Now, I will plot the MCMC simulation of each predictor using bayesplot

```{r}
#load bayesplot

mcmc_dens(model, pars = c("female"))+
  vline_at(-0.3, col="red")
mcmc_dens(model, pars = c("treatment"))+
  vline_at(-0.2, col="red")
mcmc_dens(model, pars = c("female:treatment"))+
  vline_at(0.3, col="red")


```



From the plots, I can conclude that the point estimates of each predictor fall in the median of their MCMC simulation distribution.


## Evaluating the bayesian model coefficients

I will evaluate the coefficients of the model by examining whether the corresponding credible intervals pass through zero. I will do this with the package bayestestR. 

By default, the credible interval is computed using the **highest density interval method.**


```{r}
#load bayestestR
describe_posterior(model)
```


Given the data and the priors used, there is 95% of probability that the coefficients of the predictors lie within the CI shown in the table (that is, above CI_low and below CI_high), and **all three credible intervals pass through zero.**

Another way of evaluating the coefficients is by examining the **Region of Practical Equivalence (ROPE)**, that is, the range where the effect is equivalent to zero, defined by default as [-0.10, 0.10]. For "Female", approximately 14% of its credible interval falls within the ROPE. For "Treatment" it is 24% and for the interaction it is 18%.

In order to reject a "null hypothesis", the % within the ROPE should be as close to zero as possible. **These % are far from zero.**


## Conclusion

After examining the credible intervals of each coefficient as well as the % of them that falls within the ROPE, **both the frequentist linear model and the bayesian linear model lead me to the same conclusion: the null hypothesis cannot be rejected for any of the two predictors nor for the interaction given the current data and priors.**

That is to say, **H1 and H2 are rejected**: I cannot establish any significant influence from gender and treatment to the die roll outcome reported. That is, neither gender nor exposure to the treatment make participants report lower die roll outcomes. I have not found any interaction effect from these two predictors either.


## References

1. Abeler, J., D. Nosenzo, and C. Raymond. (2019) ‘Preferences for Truth-Telling’, Econometrica, 87(4), pp. 1115–1153.

2. Dreber, A. and Johannesson, M. (2008), ‘Gender differences in deception’, Economics Letters, 99 (1), pp. 197–99.

3. Festinger, L. (1962) ‘Cognitive Dissonance’, Scientific American, 207(4), pp. 93–106.
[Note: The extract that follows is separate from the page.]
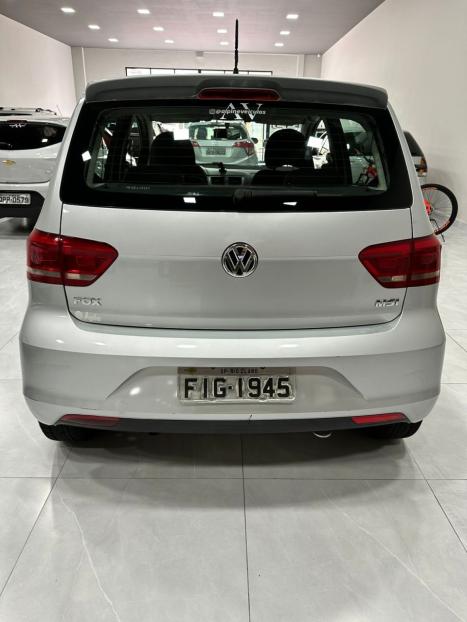 VOLKSWAGEN Fox 1.6 4P COMFORTLINE FLEX, Foto 6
4. Fischbacher, U. and Föllmi-Heusi, F. (2013) ‘Lies in Disguise—An Experimental Study on Cheating’, Journal of the European Economic Association, 11(3), pp. 525–547. doi: 10.1111/jeea.12014.
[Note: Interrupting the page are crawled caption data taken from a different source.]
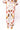 Beige Multi Ornament Knit Pants
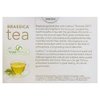Brassica Decaffeinated Green Tea with Trubroc, Orange DECAF, 16 Tea Bags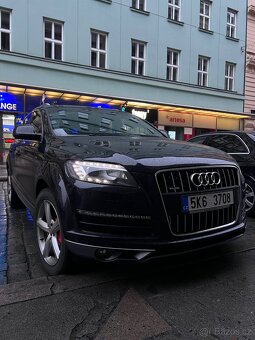 Audi Q7 3.0 TDI - 4
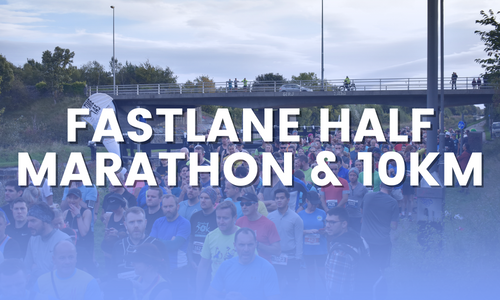 Fastlane Half Marathon & 10km
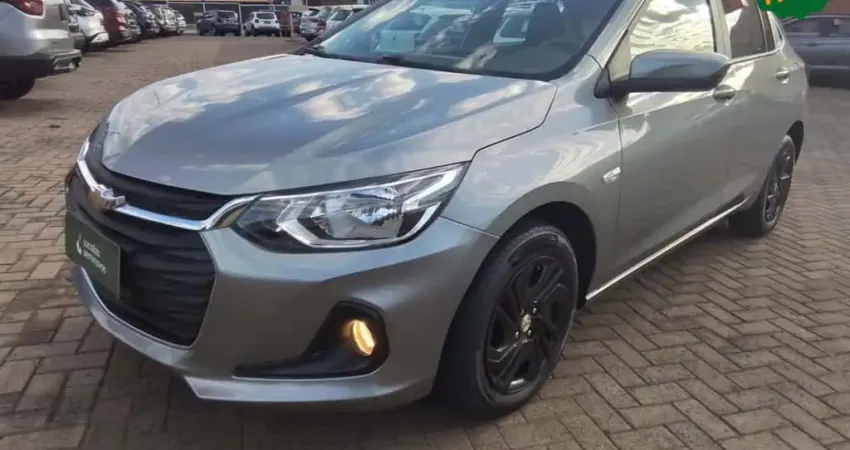 Chevrolet Onix 2024 1.0 flex lt manual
5. Grimm, P. (2010) ‘Social Desirability Bias’, in Wiley International Encyclopedia of Marketing. Chichester, UK: John Wiley & Sons, Ltd. doi: 10.1002/9781444316568.wiem02057.

6. Mazar, N., Amir, O. and Ariely, D. (2008) ‘The Dishonesty of Honest People: A Theory of Self-Concept Maintenance’, Journal of Marketing Research, 45(6), pp. 633–644. doi: 10.1509/jmkr.45.6.633.